* [Work required]: In the copy you make of the entries, no picture should appear, and every word must match.

Stored items
★ ★ ★ ★
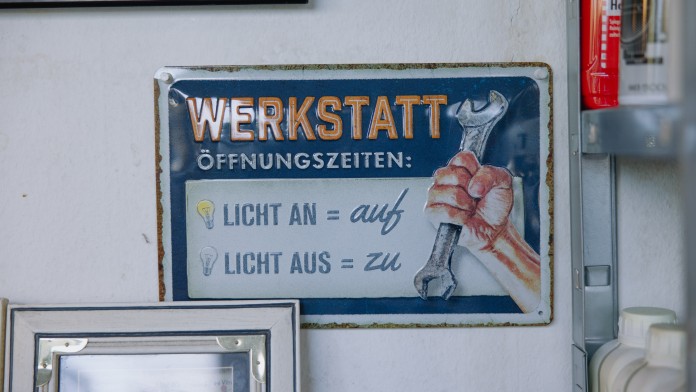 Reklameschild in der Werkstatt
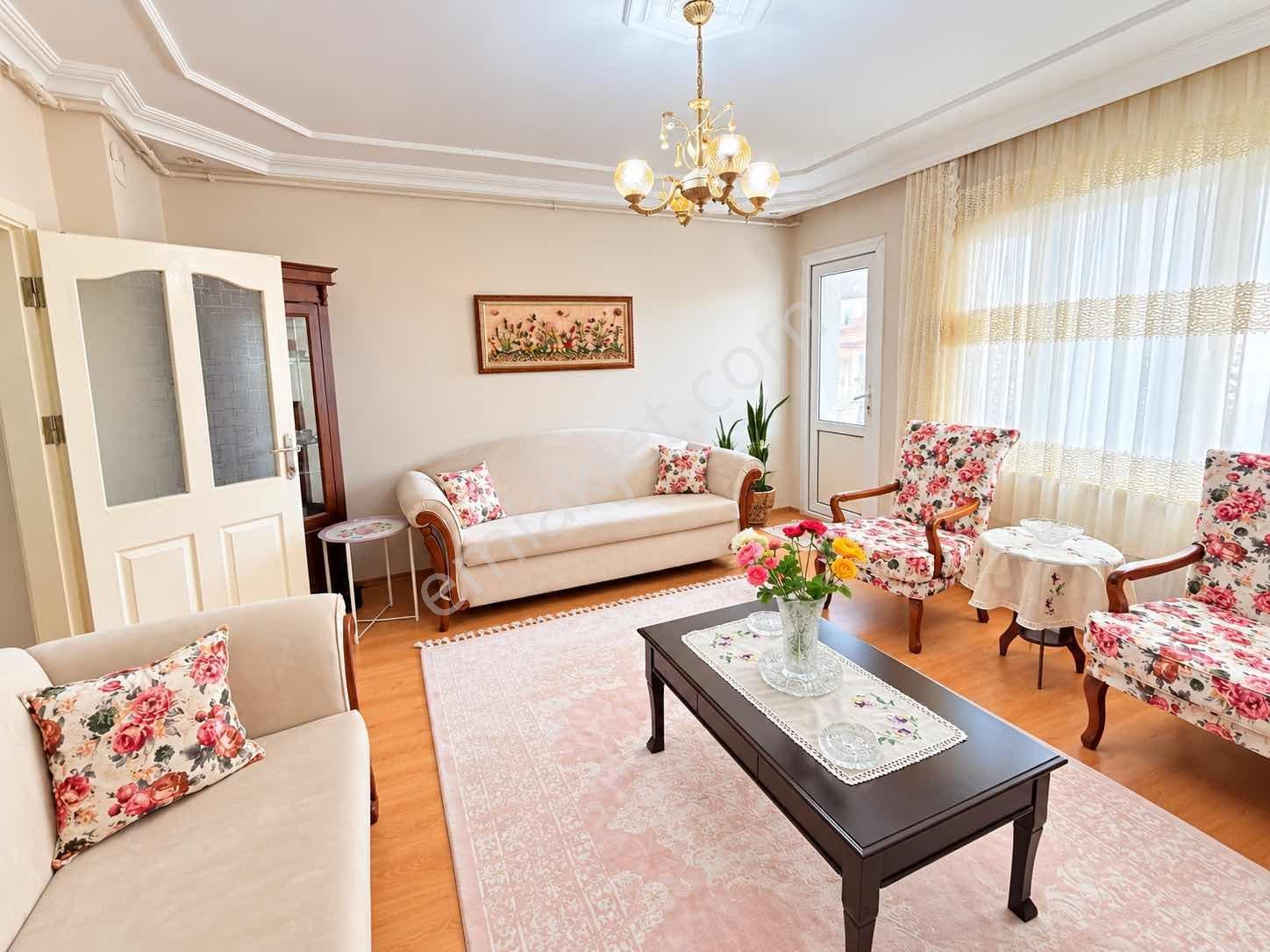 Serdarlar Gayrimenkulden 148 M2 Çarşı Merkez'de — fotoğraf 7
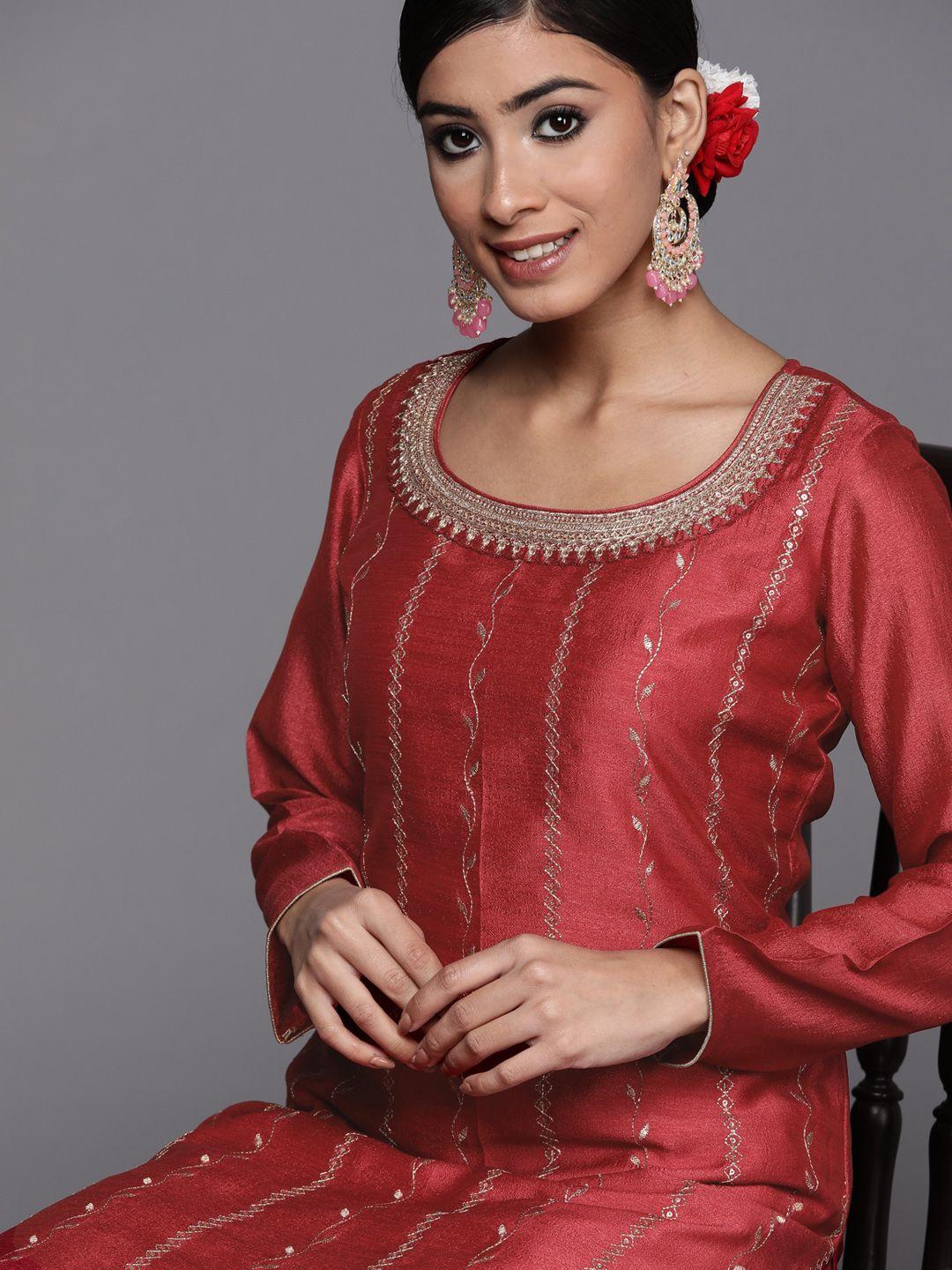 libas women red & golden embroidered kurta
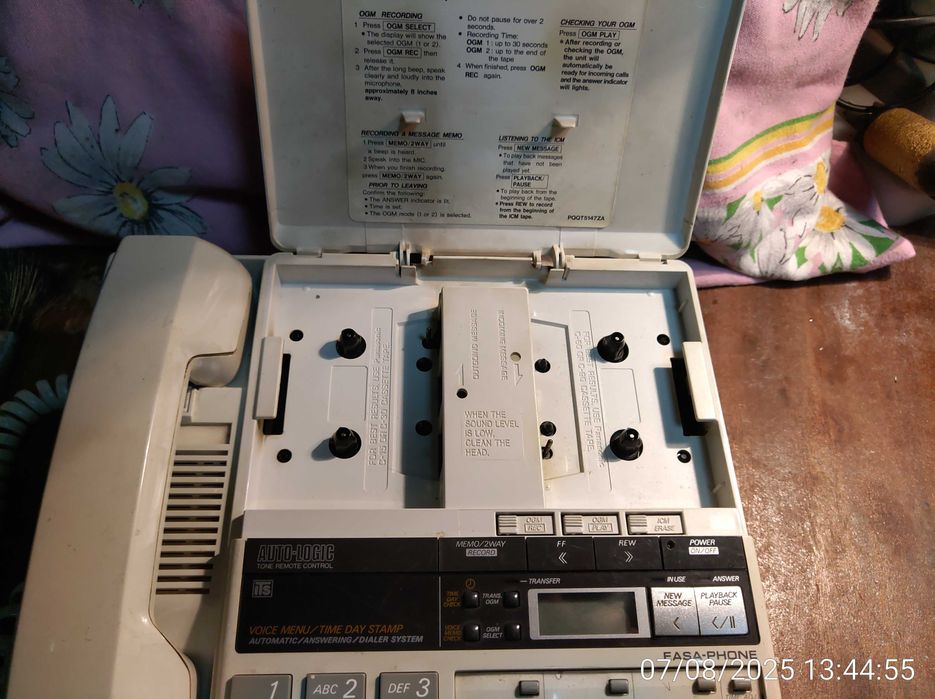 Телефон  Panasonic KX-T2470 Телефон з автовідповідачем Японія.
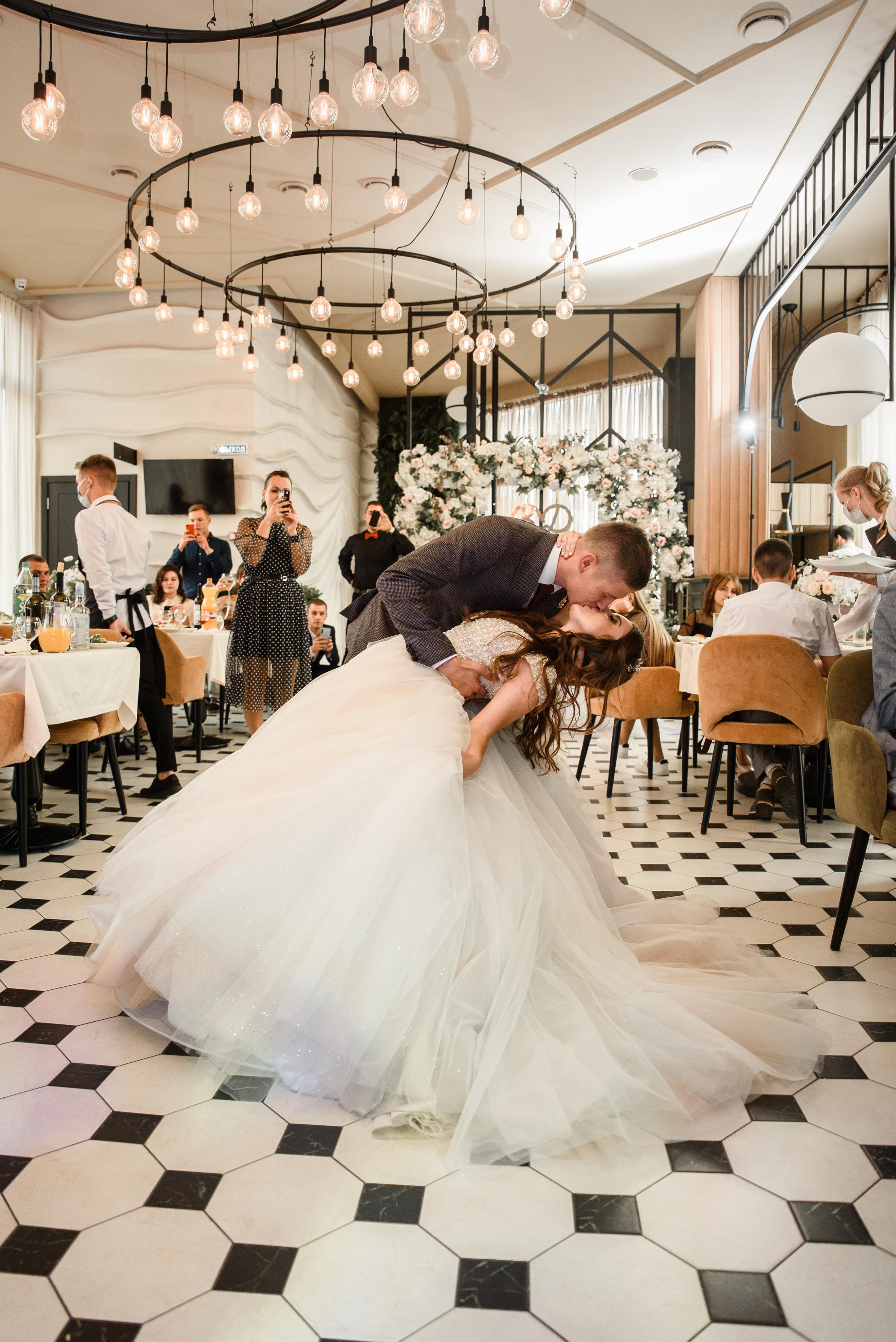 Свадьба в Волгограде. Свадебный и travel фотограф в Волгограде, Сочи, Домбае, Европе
★ ★ ★ ★
* [Answer]:
 Reklameschild in der Werkstatt
 Serdarlar Gayrimenkulden 148 M2 Çarşı Merkez'de — fotoğraf 7
 libas women red & golden embroidered kurta
 Телефон  Panasonic KX-T2470 Телефон з автовідповідачем Японія.
 Свадьба в Волгограде. Свадебный и travel фотограф в Волгограде, Сочи, Домбае, Европе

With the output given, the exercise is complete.